Артем поднял голову:

– Да, все правильно. Одному клиенту я предложил вскрыть вены, второму посоветовал заняться любовью в общественном месте, третьего запер в сарае и поджег.

Члены комиссии смотрели на него кто с одобрением, кто с глубоким осуждением.

– Вы, очевидно, находите эти действия оправданными? – спросила Гинзбург.

– Безусловно. Я решил проблемы, с которыми эти люди ко мне приходили.

Было очевидно, что комиссия разделилась, и однозначного осуждения Артема не получится. Тогда Александр Андреевич поднялся.

– Если позволите, я бы хотел сказать пару слов, – произнес он. – Артем – мой сын. И это, в некотором роде, моя ответственность.

Он повернулся к Артему.

– Я вижу, что сейчас ты преисполнен собственной значимости. Ты не отдаешь себе отчет, что можешь навредить не только другим, но и себе.

Александр Андреевич вновь обернулся к членам комиссии:

– Три с половиной года назад клиент Артема покончил с собой. Провокативный метод, который лично я считаю шарлатанством, привел к непоправимым последствиям. Мы не должны допустить, чтобы эта трагедия повторилась.

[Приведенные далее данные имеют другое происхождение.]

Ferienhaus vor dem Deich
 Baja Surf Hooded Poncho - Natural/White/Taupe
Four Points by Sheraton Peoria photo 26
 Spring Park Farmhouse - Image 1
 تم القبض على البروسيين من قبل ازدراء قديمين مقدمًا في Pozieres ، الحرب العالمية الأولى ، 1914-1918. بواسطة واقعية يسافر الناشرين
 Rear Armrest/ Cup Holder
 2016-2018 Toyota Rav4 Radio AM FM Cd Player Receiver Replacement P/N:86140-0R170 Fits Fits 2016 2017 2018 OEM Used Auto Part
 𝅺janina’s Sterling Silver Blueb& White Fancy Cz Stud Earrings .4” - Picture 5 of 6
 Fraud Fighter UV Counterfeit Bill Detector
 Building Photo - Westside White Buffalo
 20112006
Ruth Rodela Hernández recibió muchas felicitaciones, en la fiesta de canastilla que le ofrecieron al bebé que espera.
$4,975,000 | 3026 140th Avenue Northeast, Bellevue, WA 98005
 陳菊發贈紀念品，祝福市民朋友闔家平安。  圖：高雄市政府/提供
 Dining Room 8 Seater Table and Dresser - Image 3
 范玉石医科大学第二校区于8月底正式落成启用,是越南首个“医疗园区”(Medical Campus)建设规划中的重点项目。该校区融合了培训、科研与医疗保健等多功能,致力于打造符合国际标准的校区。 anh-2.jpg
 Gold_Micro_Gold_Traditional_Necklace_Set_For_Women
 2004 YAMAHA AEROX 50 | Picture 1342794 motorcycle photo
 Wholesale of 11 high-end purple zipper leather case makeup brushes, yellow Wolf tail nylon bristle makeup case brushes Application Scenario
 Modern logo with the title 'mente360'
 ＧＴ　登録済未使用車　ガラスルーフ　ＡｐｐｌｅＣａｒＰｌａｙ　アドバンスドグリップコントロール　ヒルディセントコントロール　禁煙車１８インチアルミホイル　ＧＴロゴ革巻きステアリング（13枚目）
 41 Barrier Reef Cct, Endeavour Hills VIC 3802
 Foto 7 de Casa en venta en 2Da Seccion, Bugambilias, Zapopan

Тамара Гинзбург повернулась к Артему:

– Вам есть что добавить?

Артем молча развел руками. На этом заседание завершилось. А вот мысленная работа в голове Артема – нет. Он сделал из прозвучавшего на заседании кое-какие выводы. И разработал один план… Поэтому, выйдя из здания, он позвонил Матвею и назначил ему встречу возле торгового центра на Полежаевской.

Матвей был точен, ждал у входа. Они вместе вошли, поднялись по эскалатору в просторный холл… Артем осмотрелся и сказал:

– Стой здесь, никуда не уходи.

А сам направился искать комнату охраны. Нашел, вошел в помещение со множеством мониторов и сказал одному из охранников:

– У меня мальчик потерялся.

– Молодой человек, выйдите отсюда! – потребовал охранник.